Fans appreciate the commitment needed to become an elite hockey player, but how many people know what it takes to become an elite referee? To reach the elite level, the effort is intense. And more women are doing it every year.
In 1997, Laurie Taylor-Bolton and Marina Zenk were among the first experienced elite officials with the OWHA (Ontario Women’s Hockey Association) when they made history at the IIHF Women’s World Championship in Kitchener, Ont., where they formed part of the first all-female squad to officiate an International Ice Hockey Federation event. A year later, both went as referees to the Olympic Winter Games in Nagano, Japan – the first time women’s hockey was featured as an Olympic sport. Now, there are about 2,000 female officials registered with Hockey Canada.
A strong player, Taylor-Bolton started refereeing when she was 15 years old. “I had a friend who said it was a great part-time job – I could watch hockey and get paid for working on my skating,” she said.
Early on, she rarely saw other female referees. She started out working boys’ games because girls’ hockey hadn’t yet taken hold in Newmarket, Ont., where her family lived. In the years that followed – after she got her driver’s licence – she decided to focus on refereeing female games at a variety of levels.
“We only have so much time in a day, and I really wanted to dedicate myself to female hockey,” she said.
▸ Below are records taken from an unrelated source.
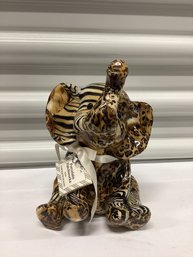 1998 Joan Baker Porcelain Patchworks Elephant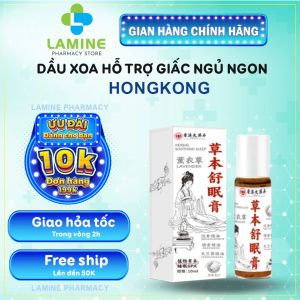 Dầu Xoa Thảo Dược Ngủ Ngon HONGKONG – Tinh Dầu Dầu Hongkong Thảo Dược Hỗ Trợ Thư Giãn Dễ Ngủ Tan Mệt Mỏi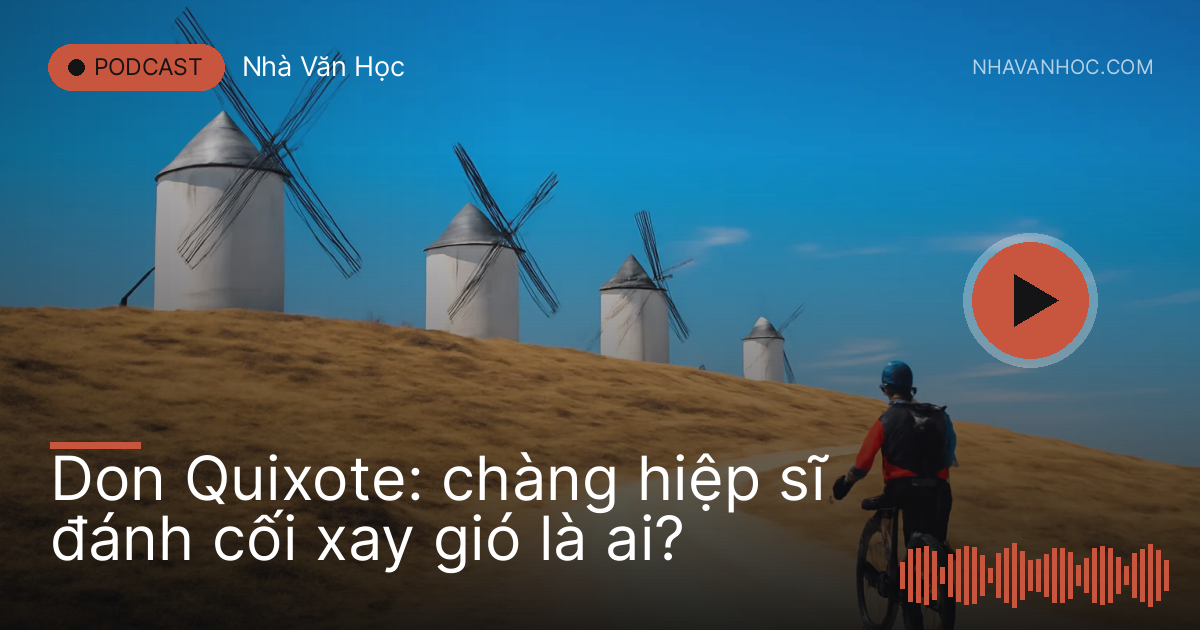 Những chiếc cối xay gió trắng trên đồi khô dưới bầu trời xanh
At the same time, Zenk was refereeing intramurals in Toronto, Ont., and said her turning point was returning home to Ottawa in 1988. Women’s hockey hadn’t grown as quickly there, so much of her experience came from fast-paced Midget AA boys’ games, and high level provincial, national and international assignments she received from the OWHA and Hockey Canada. In those games, she worked hard to earn respect from the players and fans.
“You have to know your rules, and you have to have confidence,” she said.
Taylor-Bolton and Zenk went on to work at the 1994 IIHF Women’s World Championship in Lake Placid, N.Y., the Pacific Rim Championship in 1996, and the 3 Nations Cup tournaments in both 1996 and 1997.
So how did they get there? Hockey Canada has a multi-level officiating program – each successive level develops referees and linesmen capable of officiating everything from minor league hockey games to international championships.
Becoming an elite referee is also about physical endurance.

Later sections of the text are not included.